# [Saved entries]
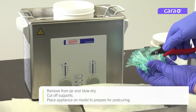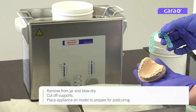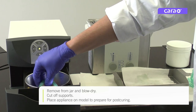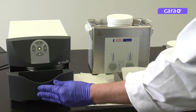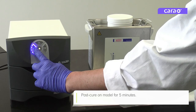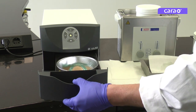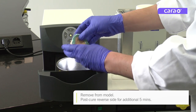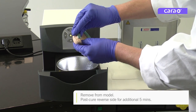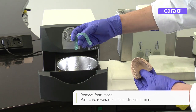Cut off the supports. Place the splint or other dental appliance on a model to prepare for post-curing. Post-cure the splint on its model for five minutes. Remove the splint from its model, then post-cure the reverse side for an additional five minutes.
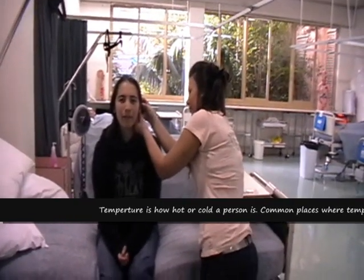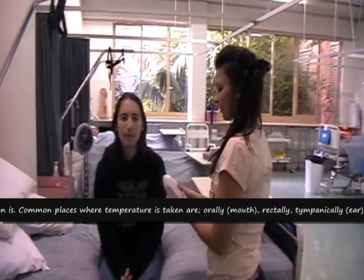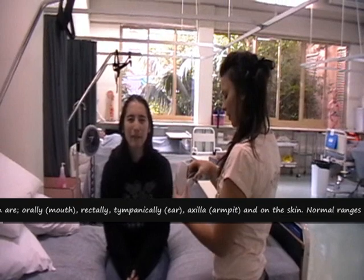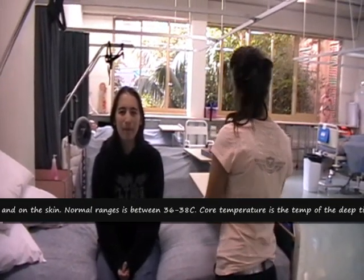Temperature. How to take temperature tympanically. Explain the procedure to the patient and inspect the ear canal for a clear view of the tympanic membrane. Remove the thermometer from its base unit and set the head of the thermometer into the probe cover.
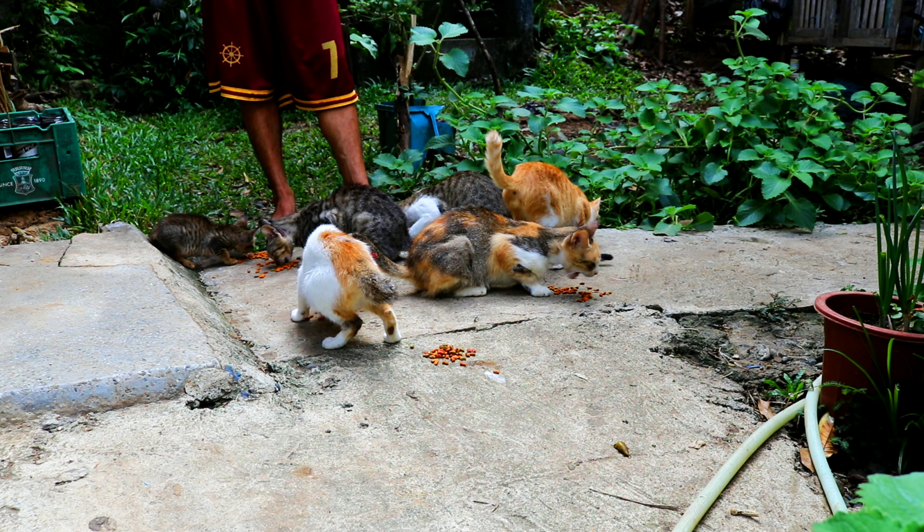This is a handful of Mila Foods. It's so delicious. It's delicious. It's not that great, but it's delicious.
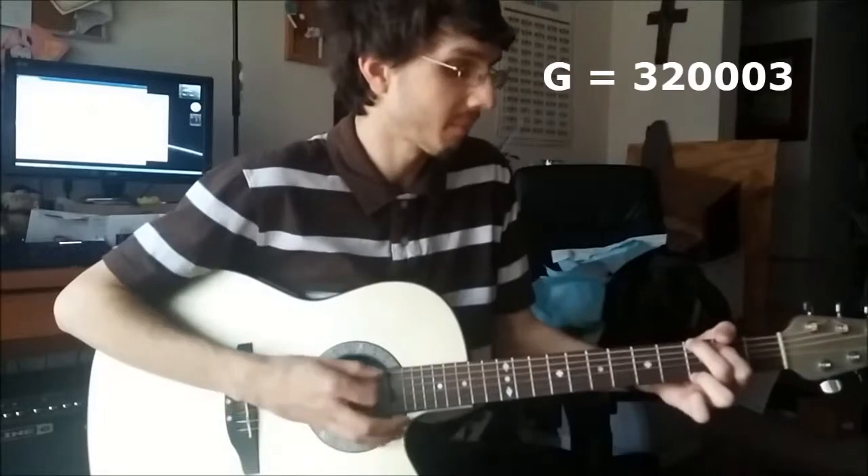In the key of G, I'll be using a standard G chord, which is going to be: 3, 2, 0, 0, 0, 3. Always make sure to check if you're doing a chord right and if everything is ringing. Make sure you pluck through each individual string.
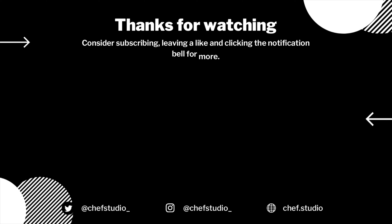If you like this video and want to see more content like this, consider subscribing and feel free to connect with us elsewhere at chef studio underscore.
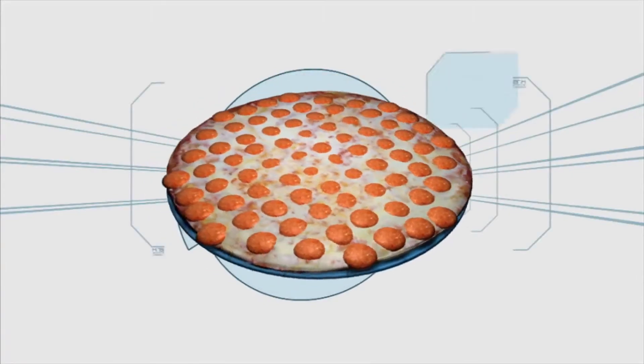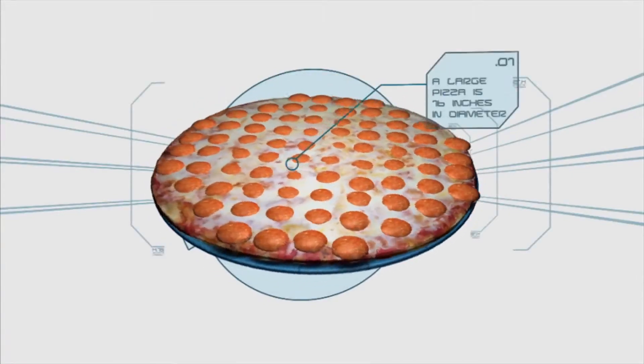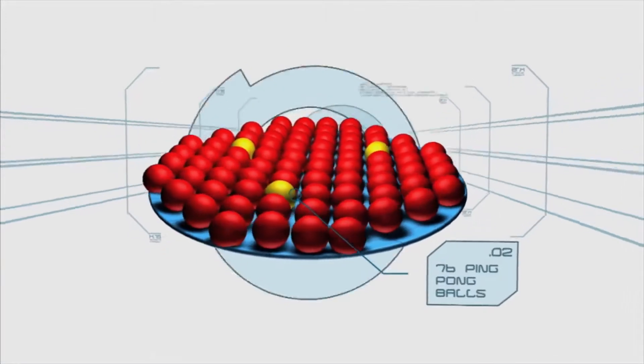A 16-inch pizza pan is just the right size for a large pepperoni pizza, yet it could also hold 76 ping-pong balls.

# [TASK REQUIREMENTS]
What is needed is an exact copy of the lines from the beginning of the data through the line containing "In the key of", both included, without any pictures.

# [FINISHED EXERCISE]
Cut off the supports. Place the splint or other dental appliance on a model to prepare for post-curing. Post-cure the splint on its model for five minutes. Remove the splint from its model, then post-cure the reverse side for an additional five minutes.
Temperature. How to take temperature tympanically. Explain the procedure to the patient and inspect the ear canal for a clear view of the tympanic membrane. Remove the thermometer from its base unit and set the head of the thermometer into the probe cover.
This is a handful of Mila Foods. It's so delicious. It's delicious. It's not that great, but it's delicious.
In the key of G, I'll be using a standard G chord, which is going to be: 3, 2, 0, 0, 0, 3. Always make sure to check if you're doing a chord right and if everything is ringing. Make sure you pluck through each individual string.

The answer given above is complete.